21 January 2012

The Leftovers (Tom Perrotta)

Tom Perrotta's sneaky The Leftovers is the February read for Freebird Books' Post-Apocalyptic Book Club--while I never make it down to Red Hook for the meetings, I'm trying this year to keep up on the books. (Yes, I know it's January. But while I Really Really want to read Colson Whitehead's Zone One, I'm like #35 on the list at the library.)

I call it "sneaky" because it is, at heart, the kind of straightforward domestic literary novel I almost never read. Except for the looming sfnal premise that drew me in: three years before the main action takes place, millions of people all over the world just . . . disappeared. It wasn't a proper Rapture at all, as the remaining premillenial Christians point out sourly--heathens, Jews, Muslims, Buddhists, and all manner of sinners vanished as well as true believers.
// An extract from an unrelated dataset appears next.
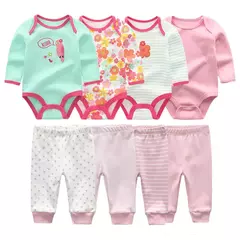 Conjunto de calças e bodysuits de algodão de manga comprida para meninos e meninas, roupas unissex para primavera e outono, 8 peças por lote - comprar online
Perrotta never tries to explain what happened; instead, he simply explores a world that's suffered such a drastic and mysterious loss, both people who are forever changed and those struggling to recreate normalcy in the face of what becomes known as the Sudden Departure.

At the heart of the narrative are the Garveys: Laurie, who has abandoned her husband and children to join a cult called the Guilty Remnant, whose faith includes a vow of silence and constant cigarette smoking; Kevin, mayor of their small suburban town, tentatively starting a relationship with a melancholy woman whose entire family Departed; son Tom, who dropped out of college to follow Holy Wayne, a self-styled prophet with a predilection for teenage Asian girls; and seventeen-year-old Jill, a former A student fallen in with the worst crowd that will have her.
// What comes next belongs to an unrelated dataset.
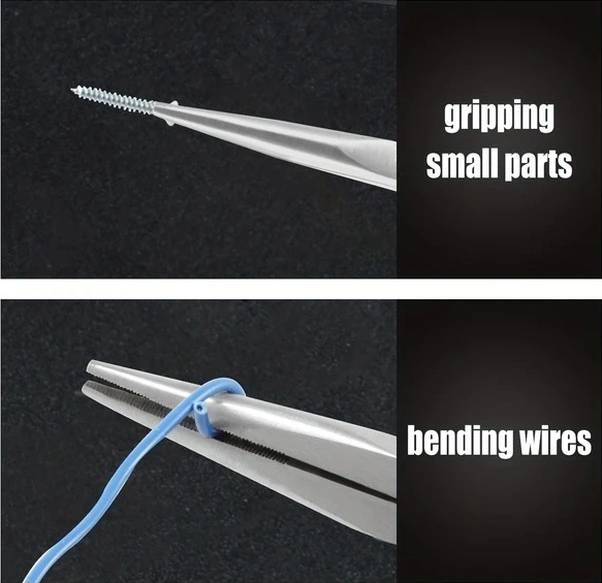 Trendooze Güneşli022 275mm 11 Paslanmaz Çelik İnce Burun Pensel, Dayanıklı Onım Aleti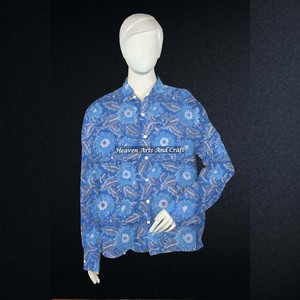 Camisa de Moda Boho para Mujer a Precios Accesibles, Camisa de Manga Larga con Estampado de Bloques, Camisa de Moda Gitana con Estampado de Bloques Hecho a Mano - Product Image 2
The Leftovers is largely a meditation on grief, what it does to individuals, families, and society. Which isn't to say that it isn't also funny in places, sweet in others. While it's only tangentially a post-apocalyptic novel, it's still a good one, I think in the very realistic-novel sense that would have made me shy away from the book without the improbable hook: the characters are fully, recognizably human, and their attempts to rebuild their lives wholly believable. I feel a little humbled by my liking it: perhaps this genre of "literary fiction" has some gems after all.